WHAT YOU NEED TO DO:
Set down, please, exactly the lines below that run from the line with "Vicco Armoire suspendue" to the line with "Xhilaration Mustard Yellow", both lines included.

*** Block opens ***

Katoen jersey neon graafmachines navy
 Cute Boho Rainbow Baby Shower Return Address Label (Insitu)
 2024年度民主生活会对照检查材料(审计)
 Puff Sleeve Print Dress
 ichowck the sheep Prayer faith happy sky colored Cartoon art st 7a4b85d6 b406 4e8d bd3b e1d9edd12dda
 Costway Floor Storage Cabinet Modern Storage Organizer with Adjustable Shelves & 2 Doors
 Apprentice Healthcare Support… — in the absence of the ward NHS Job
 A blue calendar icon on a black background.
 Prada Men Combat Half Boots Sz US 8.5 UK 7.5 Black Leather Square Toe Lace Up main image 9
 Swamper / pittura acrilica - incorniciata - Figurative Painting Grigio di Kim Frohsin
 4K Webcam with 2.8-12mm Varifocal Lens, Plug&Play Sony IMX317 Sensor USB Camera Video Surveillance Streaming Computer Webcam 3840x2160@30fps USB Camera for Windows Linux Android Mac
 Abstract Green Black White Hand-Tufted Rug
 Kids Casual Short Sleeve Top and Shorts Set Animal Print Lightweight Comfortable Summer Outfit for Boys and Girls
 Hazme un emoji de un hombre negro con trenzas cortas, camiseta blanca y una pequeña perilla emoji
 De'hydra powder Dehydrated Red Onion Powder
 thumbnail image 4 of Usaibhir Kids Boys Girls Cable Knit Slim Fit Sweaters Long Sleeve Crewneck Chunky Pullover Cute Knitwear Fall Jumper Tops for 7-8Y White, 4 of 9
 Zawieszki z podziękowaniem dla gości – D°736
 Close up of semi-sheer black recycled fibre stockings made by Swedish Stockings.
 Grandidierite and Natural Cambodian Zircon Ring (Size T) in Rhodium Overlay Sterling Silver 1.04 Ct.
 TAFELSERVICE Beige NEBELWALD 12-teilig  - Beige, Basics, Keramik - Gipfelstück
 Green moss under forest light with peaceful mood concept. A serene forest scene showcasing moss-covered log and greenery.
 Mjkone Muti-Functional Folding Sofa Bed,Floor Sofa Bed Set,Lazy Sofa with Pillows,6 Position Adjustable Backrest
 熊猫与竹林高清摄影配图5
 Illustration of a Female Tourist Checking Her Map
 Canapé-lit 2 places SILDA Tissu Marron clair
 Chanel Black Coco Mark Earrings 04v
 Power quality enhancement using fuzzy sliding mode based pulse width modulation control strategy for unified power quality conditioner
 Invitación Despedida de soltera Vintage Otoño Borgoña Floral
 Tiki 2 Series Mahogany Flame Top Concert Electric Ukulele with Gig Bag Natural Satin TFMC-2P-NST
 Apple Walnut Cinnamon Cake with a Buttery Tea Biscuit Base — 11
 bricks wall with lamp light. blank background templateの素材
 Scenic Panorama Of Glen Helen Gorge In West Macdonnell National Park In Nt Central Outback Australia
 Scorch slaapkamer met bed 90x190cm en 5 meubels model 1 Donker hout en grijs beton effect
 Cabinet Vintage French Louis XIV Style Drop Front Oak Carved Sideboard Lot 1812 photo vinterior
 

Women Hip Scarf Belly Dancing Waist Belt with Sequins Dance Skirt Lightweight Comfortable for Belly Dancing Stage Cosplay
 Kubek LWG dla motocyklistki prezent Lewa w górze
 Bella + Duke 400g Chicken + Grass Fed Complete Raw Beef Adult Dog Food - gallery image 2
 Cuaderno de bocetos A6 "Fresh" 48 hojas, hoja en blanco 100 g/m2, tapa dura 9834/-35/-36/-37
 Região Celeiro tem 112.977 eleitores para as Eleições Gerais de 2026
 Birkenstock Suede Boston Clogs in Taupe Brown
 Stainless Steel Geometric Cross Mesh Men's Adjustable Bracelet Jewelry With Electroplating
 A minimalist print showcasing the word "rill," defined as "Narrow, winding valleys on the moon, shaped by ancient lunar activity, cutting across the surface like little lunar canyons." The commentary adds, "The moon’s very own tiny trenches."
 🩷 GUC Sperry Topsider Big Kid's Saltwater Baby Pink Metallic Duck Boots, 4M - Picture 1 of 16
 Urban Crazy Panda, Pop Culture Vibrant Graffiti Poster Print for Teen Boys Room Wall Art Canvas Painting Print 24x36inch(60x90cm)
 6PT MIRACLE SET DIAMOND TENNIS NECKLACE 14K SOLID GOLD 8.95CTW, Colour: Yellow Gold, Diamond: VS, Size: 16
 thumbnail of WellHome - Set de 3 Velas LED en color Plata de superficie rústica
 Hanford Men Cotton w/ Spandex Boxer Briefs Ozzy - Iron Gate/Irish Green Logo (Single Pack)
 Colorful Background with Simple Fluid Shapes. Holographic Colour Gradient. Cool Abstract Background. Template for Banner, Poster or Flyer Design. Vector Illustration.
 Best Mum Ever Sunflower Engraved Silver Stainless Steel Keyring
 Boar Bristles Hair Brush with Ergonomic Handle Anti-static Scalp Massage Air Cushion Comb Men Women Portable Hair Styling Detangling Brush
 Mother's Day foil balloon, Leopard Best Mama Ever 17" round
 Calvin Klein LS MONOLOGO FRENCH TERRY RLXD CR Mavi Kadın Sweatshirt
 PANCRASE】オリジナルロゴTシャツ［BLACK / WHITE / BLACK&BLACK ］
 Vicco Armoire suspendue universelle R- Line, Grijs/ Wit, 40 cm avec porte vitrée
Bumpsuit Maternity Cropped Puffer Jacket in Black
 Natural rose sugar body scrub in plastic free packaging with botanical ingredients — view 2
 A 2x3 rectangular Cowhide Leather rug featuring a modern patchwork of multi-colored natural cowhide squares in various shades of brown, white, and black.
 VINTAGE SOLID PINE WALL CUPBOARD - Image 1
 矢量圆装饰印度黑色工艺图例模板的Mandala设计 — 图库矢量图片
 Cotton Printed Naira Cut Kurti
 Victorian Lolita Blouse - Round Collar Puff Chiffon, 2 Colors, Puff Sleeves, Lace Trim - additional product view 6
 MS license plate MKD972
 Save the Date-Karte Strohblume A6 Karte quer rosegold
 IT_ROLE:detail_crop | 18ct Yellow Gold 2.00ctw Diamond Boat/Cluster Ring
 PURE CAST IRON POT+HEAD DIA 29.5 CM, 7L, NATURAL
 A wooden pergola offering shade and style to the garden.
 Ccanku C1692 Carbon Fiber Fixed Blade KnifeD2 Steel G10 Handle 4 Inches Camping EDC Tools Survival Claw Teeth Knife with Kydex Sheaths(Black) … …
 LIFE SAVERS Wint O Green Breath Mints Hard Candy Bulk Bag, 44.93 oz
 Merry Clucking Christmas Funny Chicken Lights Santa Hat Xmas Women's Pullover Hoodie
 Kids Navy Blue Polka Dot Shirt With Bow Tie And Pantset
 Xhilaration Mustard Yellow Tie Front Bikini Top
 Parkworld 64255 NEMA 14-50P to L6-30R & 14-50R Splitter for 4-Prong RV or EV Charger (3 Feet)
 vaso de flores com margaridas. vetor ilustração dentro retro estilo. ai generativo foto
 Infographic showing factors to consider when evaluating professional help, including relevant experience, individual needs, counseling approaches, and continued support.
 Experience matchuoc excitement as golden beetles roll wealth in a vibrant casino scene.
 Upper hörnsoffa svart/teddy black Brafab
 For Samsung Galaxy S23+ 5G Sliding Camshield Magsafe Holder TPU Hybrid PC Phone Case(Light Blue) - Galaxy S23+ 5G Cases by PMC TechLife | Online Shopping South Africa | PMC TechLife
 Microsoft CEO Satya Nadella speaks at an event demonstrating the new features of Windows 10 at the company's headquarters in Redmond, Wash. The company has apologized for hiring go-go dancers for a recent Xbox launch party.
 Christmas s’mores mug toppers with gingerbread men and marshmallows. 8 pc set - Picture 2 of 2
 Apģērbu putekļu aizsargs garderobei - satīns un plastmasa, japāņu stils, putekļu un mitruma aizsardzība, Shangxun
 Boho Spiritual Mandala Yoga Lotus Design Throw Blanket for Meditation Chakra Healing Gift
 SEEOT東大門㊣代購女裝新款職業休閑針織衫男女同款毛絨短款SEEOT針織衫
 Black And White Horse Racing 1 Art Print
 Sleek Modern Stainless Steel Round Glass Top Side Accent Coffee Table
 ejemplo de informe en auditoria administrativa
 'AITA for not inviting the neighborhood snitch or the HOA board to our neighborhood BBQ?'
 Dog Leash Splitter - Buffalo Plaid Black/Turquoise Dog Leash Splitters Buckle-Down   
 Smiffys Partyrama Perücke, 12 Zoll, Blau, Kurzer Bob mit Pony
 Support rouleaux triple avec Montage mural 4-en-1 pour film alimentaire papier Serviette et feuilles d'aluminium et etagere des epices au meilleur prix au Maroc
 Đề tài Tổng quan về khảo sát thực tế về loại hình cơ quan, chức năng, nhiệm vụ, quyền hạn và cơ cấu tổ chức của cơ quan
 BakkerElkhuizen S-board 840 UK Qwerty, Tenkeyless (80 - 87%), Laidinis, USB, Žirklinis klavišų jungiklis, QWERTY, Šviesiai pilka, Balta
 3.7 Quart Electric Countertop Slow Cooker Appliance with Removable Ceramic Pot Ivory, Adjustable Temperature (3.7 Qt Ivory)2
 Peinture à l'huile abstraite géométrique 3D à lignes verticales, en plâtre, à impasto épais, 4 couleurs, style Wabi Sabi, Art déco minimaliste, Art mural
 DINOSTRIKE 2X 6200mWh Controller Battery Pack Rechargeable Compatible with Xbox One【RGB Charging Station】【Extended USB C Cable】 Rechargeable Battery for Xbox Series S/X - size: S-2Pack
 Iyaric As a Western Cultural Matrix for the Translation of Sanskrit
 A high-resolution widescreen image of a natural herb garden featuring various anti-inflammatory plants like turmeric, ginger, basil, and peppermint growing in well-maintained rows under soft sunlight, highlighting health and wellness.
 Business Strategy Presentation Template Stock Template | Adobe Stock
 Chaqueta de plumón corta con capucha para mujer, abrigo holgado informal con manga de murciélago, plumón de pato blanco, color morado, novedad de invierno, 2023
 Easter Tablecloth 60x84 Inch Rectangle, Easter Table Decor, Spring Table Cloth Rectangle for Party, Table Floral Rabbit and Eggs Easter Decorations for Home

*** Block closes ***

RESULT:
 Vicco Armoire suspendue universelle R- Line, Grijs/ Wit, 40 cm avec porte vitrée
Bumpsuit Maternity Cropped Puffer Jacket in Black
 Natural rose sugar body scrub in plastic free packaging with botanical ingredients — view 2
 A 2x3 rectangular Cowhide Leather rug featuring a modern patchwork of multi-colored natural cowhide squares in various shades of brown, white, and black.
 VINTAGE SOLID PINE WALL CUPBOARD - Image 1
 矢量圆装饰印度黑色工艺图例模板的Mandala设计 — 图库矢量图片
 Cotton Printed Naira Cut Kurti
 Victorian Lolita Blouse - Round Collar Puff Chiffon, 2 Colors, Puff Sleeves, Lace Trim - additional product view 6
 MS license plate MKD972
 Save the Date-Karte Strohblume A6 Karte quer rosegold
 IT_ROLE:detail_crop | 18ct Yellow Gold 2.00ctw Diamond Boat/Cluster Ring
 PURE CAST IRON POT+HEAD DIA 29.5 CM, 7L, NATURAL
 A wooden pergola offering shade and style to the garden.
 Ccanku C1692 Carbon Fiber Fixed Blade KnifeD2 Steel G10 Handle 4 Inches Camping EDC Tools Survival Claw Teeth Knife with Kydex Sheaths(Black) … …
 LIFE SAVERS Wint O Green Breath Mints Hard Candy Bulk Bag, 44.93 oz
 Merry Clucking Christmas Funny Chicken Lights Santa Hat Xmas Women's Pullover Hoodie
 Kids Navy Blue Polka Dot Shirt With Bow Tie And Pantset
 Xhilaration Mustard Yellow Tie Front Bikini Top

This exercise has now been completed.